**Provided records**
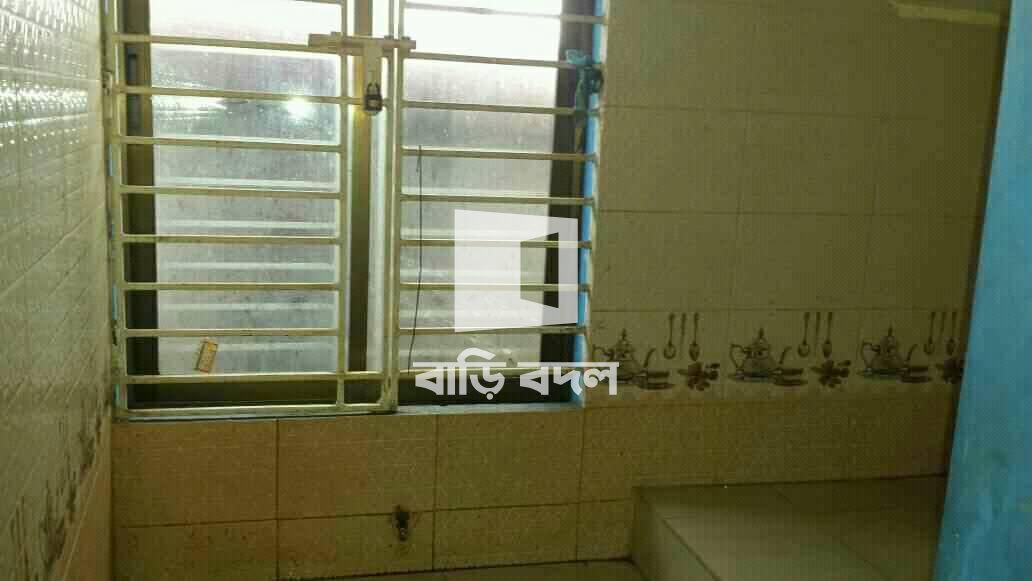 Flat rent in Chattogram চট্রগ্রাম সদর, শুলকবহর পাখির দোকানের পর। ( বিসমিল্লাহ হাজীর বাড়ির সামনে ), কাতালগঞ্জের ভেতরে।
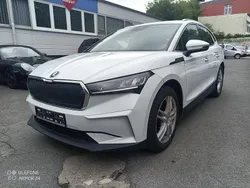 Weiß Gebraucht 2022 Skoda Enyaq iV Loft SUV | 28.500 € (Fairer Preis)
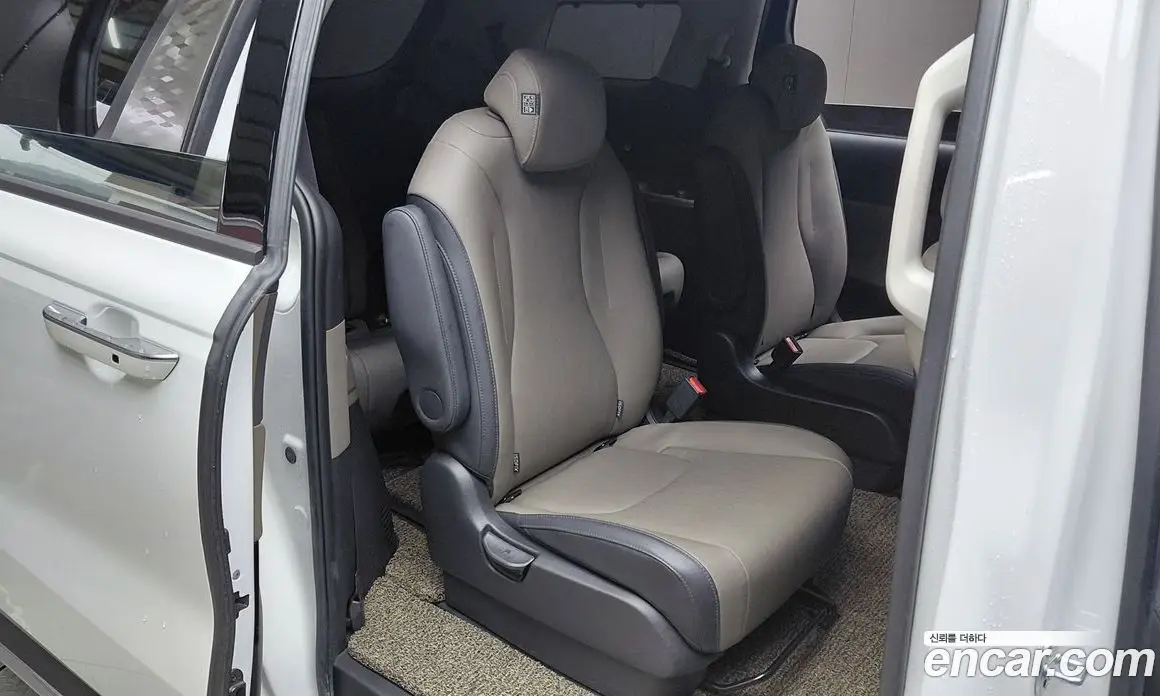 Kia Carnival 2024 2.2 автомат (гидро), фото 17
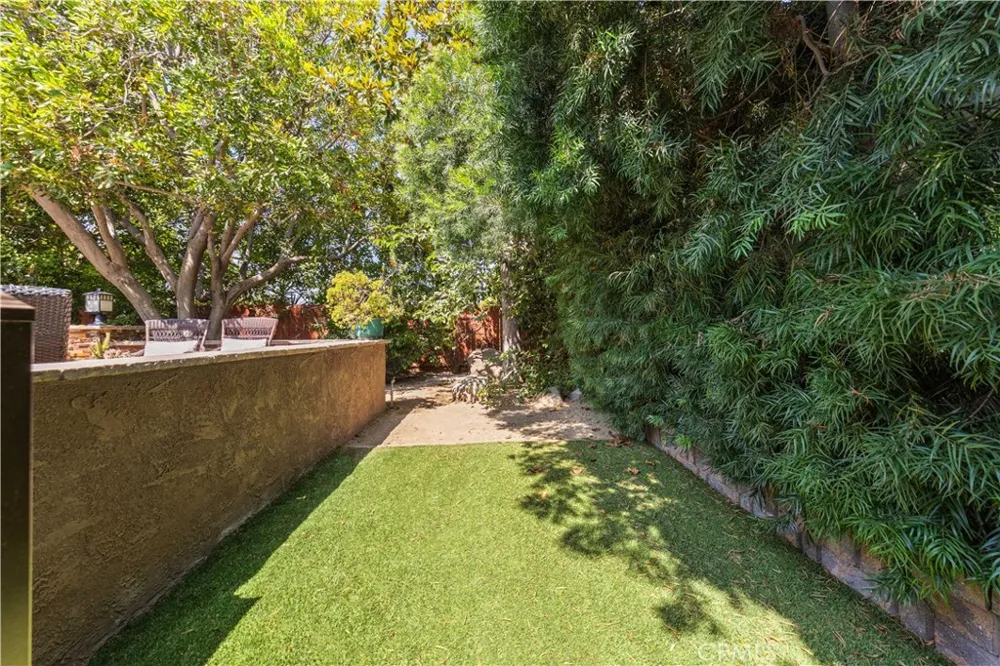 2275 La Paz Claremont, CA 91711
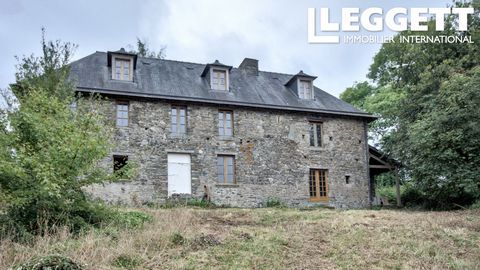 A31860BS50 - Maison de caractère en pierre avec de nombreuses dépendances en pierre, plus d'un hectare de terrain. A rénover entièrement. A seulement 35 minutes des plages de la côte ouest ou de la côte est, c'est un endroit idéal pour le tourisme ou...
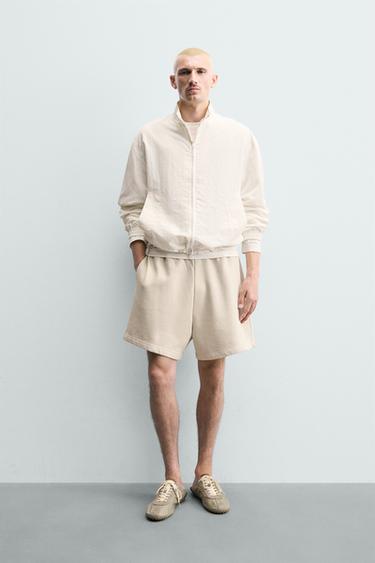 Zara Шорты-джоггеры с принтом и эффектом потертости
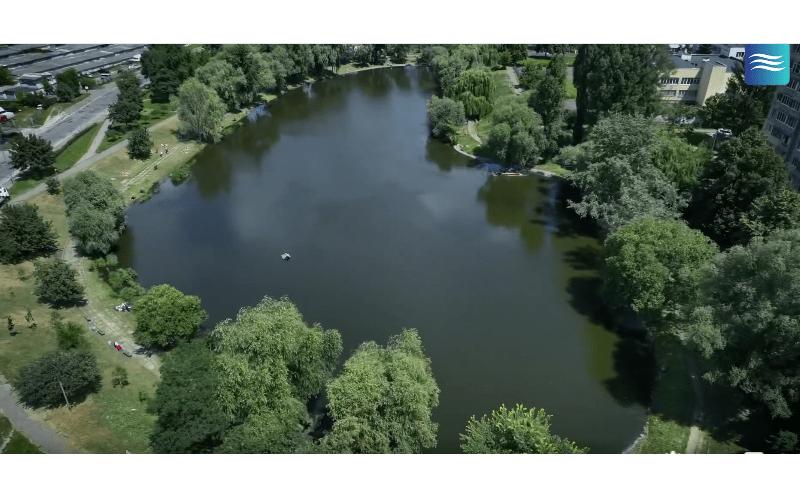 Стаття Машина-амфібія розчистила озеро на Святошині Ранкове місто. Київ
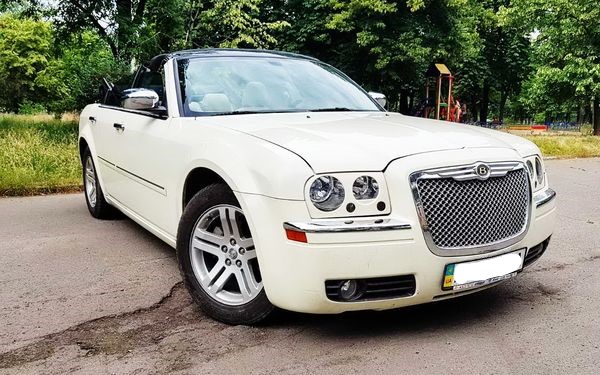 hrysler 300C белый кабриолет на прокат в аренду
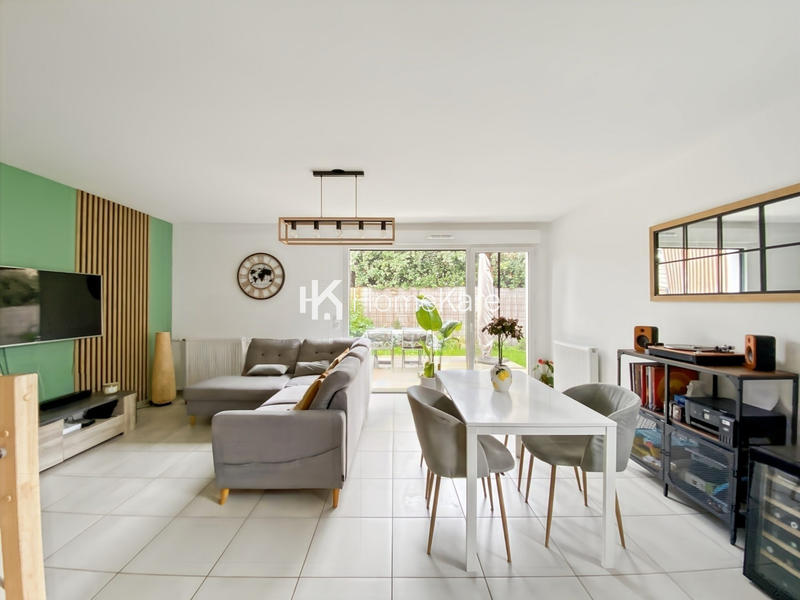 Maison - 90 m² - 4 pièces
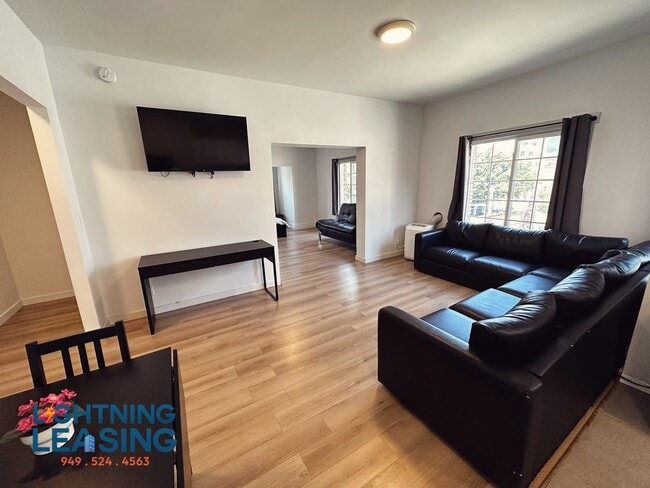 Building Photo - 1422 Flower St
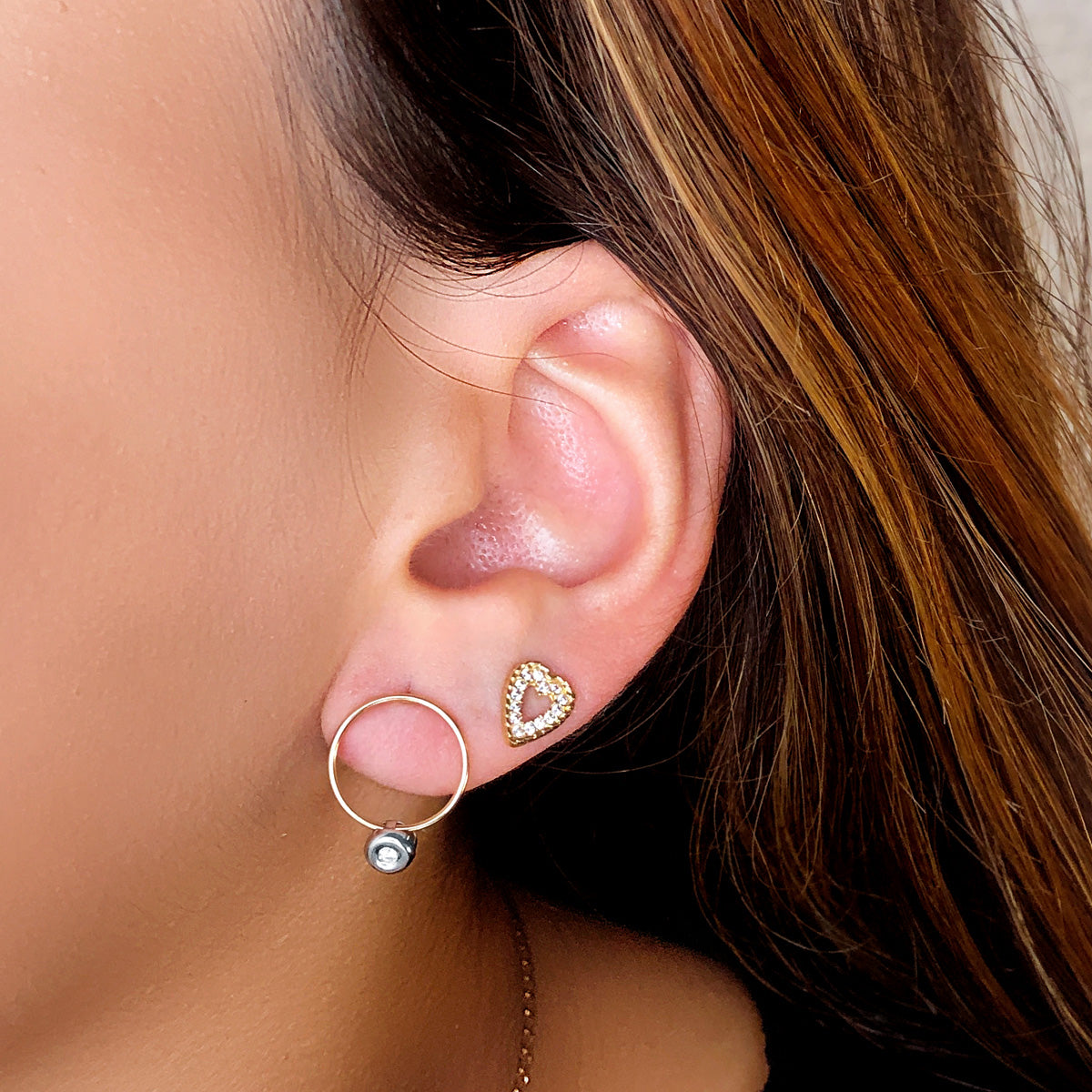 18K PENDIENTES ORO AMARILLO CORAZON 9X7 MM 28 CIRCONITA PRESION C. AMOR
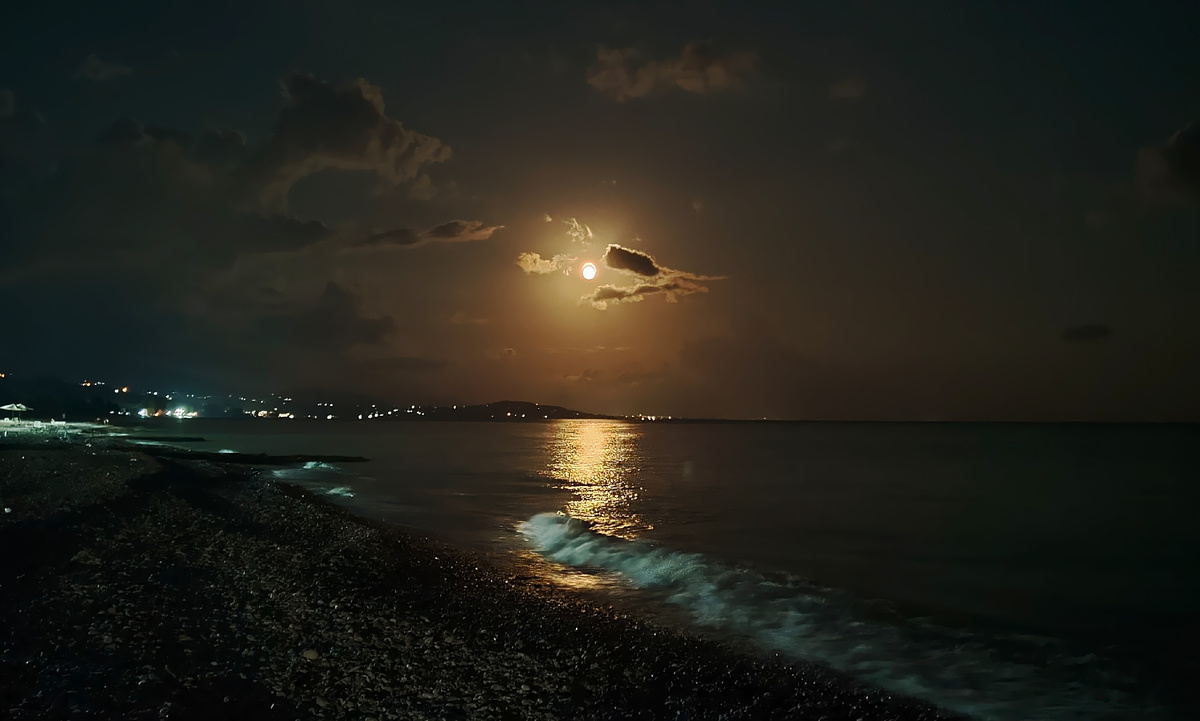 Как  и на Дзене сейчас, тёмная тёмная ночь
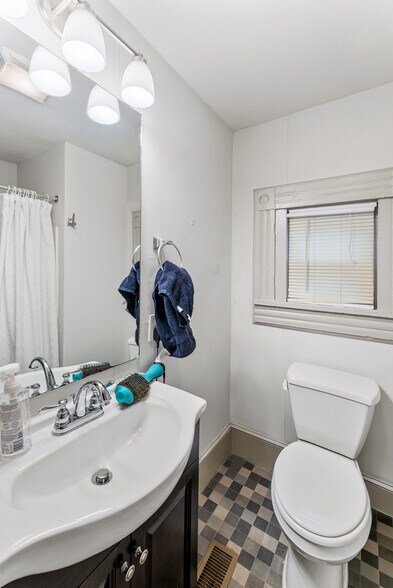 More Photos Of 1415 Highland Ave, Knoxville Multifamily For Sale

**Work instruction**
Each entry above should be given again exactly, with its pictures omitted.

**Solved exercise**
 Flat rent in Chattogram চট্রগ্রাম সদর, শুলকবহর পাখির দোকানের পর। ( বিসমিল্লাহ হাজীর বাড়ির সামনে ), কাতালগঞ্জের ভেতরে।
 Weiß Gebraucht 2022 Skoda Enyaq iV Loft SUV | 28.500 € (Fairer Preis)
 Kia Carnival 2024 2.2 автомат (гидро), фото 17
 2275 La Paz Claremont, CA 91711
 A31860BS50 - Maison de caractère en pierre avec de nombreuses dépendances en pierre, plus d'un hectare de terrain. A rénover entièrement. A seulement 35 minutes des plages de la côte ouest ou de la côte est, c'est un endroit idéal pour le tourisme ou...
 Zara Шорты-джоггеры с принтом и эффектом потертости
 Стаття Машина-амфібія розчистила озеро на Святошині Ранкове місто. Київ
 hrysler 300C белый кабриолет на прокат в аренду
 Maison - 90 m² - 4 pièces
 Building Photo - 1422 Flower St
 18K PENDIENTES ORO AMARILLO CORAZON 9X7 MM 28 CIRCONITA PRESION C. AMOR
 Как  и на Дзене сейчас, тёмная тёмная ночь
 More Photos Of 1415 Highland Ave, Knoxville Multifamily For Sale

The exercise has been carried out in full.